A crucial part in earth avoiding a Venus-like fate will involve reducing the amount of greenhouse gases we’re pumping into the atmosphere. Cars play a huge role in this. According to the US environmental protection agency, transport accounts for just under a third of global greenhouse gas emissions.
Given the extent to which we’ve all become dependent on greenhouse gas emitting vehicles, the problem might seem insurmountable, but it isn’t. Zero-emission vehicles are already a thing. They have their limitations – a limited driving range and long charging times. These are often cited by anti-electric-vehicle pundits. But the single most significant factor holding back their widespread adoption is their steep sticker prices.
PROPOSED GOVERNMENT SCHEME
Combating this has seen the Government proposing a scheme aimed at nudging Kiwis into buying cleaner, low-emission cars. This would lower the cost of electric vehicles, hybrids and lower emission cars while increasing the price of polluting vehicles like utes, SUVs and trucks.
Under the scheme, a new EV or hybrid would be around $8000 cheaper, while the sticker price of gas-guzzling polluting vehicles would increase by around $3000. The scheme only applies to new cars/trucks/vans/utes/SUVs sold in New Zealand for the first time. Which will see it only affecting new vehicles and imports. Second-hand cars be unaffected.
Given the high stakes nature of the situation, the scheme makes sense on many levels. Once bought, cars tend to stay on the roads for at least 20 years, so increasing the numbers of low to zero-emission vehicles should also result in a long-term decrease in greenhouse gas emissions.
“Farmers and tradies who typically use utes, vans and trucks that emit high levels of greenhouse gases have lashed out at the incentive”
Farmers and tradies who typically use utes, vans and trucks that emit high levels of greenhouse gases have lashed out at the incentive. Saying it’ll put yet another tax on their operations and that these will get passed onto the public.
Greenpeace also says there are problems with the incentive. They question whether making vehicles $3000 more expensive is enough to turn buyers away from polluting greenhouse gas-belching vehicles. Especially vehicles costing upwards of a 100K or more.
While the scheme is a step in the right direction, we also feel that much more could be done. Perhaps New Zealand could learn a thing or two from Norway.

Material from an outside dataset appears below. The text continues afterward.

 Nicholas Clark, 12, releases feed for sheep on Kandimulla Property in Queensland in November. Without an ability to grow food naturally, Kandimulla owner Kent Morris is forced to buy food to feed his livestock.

Who, per capita, have more electric cars than anywhere else in the world.
LET’S LEARN FROM NORWAY
This is no accident. Norway has carefully used incentives and disincentives to make electric and hybrid vehicles a significantly more palatable option for car buyers.
Norway has not only made electric vehicles more affordable. They also use taxes on non-electric-vehicles to cover incentives for electric vehicles, meaning that electric/hybrid vehicles are tax-free, and have no registration tax, no annual ownership taxes, and no fuel taxes or road charges.

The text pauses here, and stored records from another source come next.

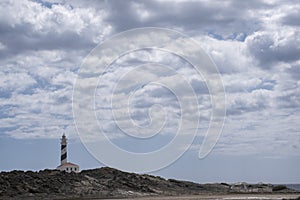 panorama of Favaritx lighthouse, with a rock formation around it on a cloudy summer day, horizontal, copy space, Menorca, Balearic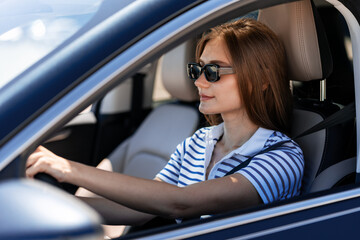 Young woman driving a modern car wearing sunglasses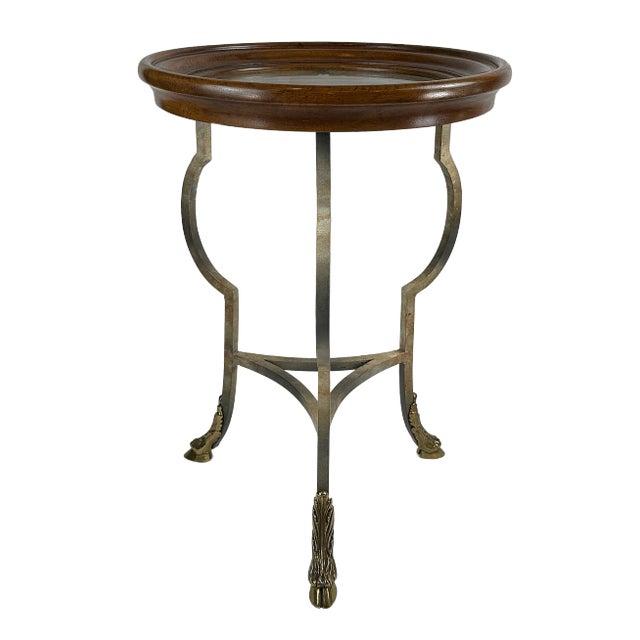 This is a 1980's Drexel Furniture round side table. This table features an aged pewter finished iron base with "Pied De...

Even ferry fares are reduced. EVs can also use bus lanes, while public parking fees are also axed for electric vehicles. While their internal combustion petrol/diesel-burning counterparts are paying increasingly steep prices at the fuel pump, there are also free public charging stations.
I sympathise with farmers. But the reality is that most of the vehicles they use are subsidised by tax write-offs. It also strikes me as nothing short of incredible … that farmers are complaining when their very livelihood is so closely tied to the planet not becoming a polluted toxic dustbowl.
Steady improvements to battery technologies, plus more enlightened government policies and improving economies of scale will eventually see electric vehicles become commonplace in terms of affordable EVs and Climate Change. But the burning question now is: can we reduce the volume of greenhouse gases being belched into the air, before it is too late?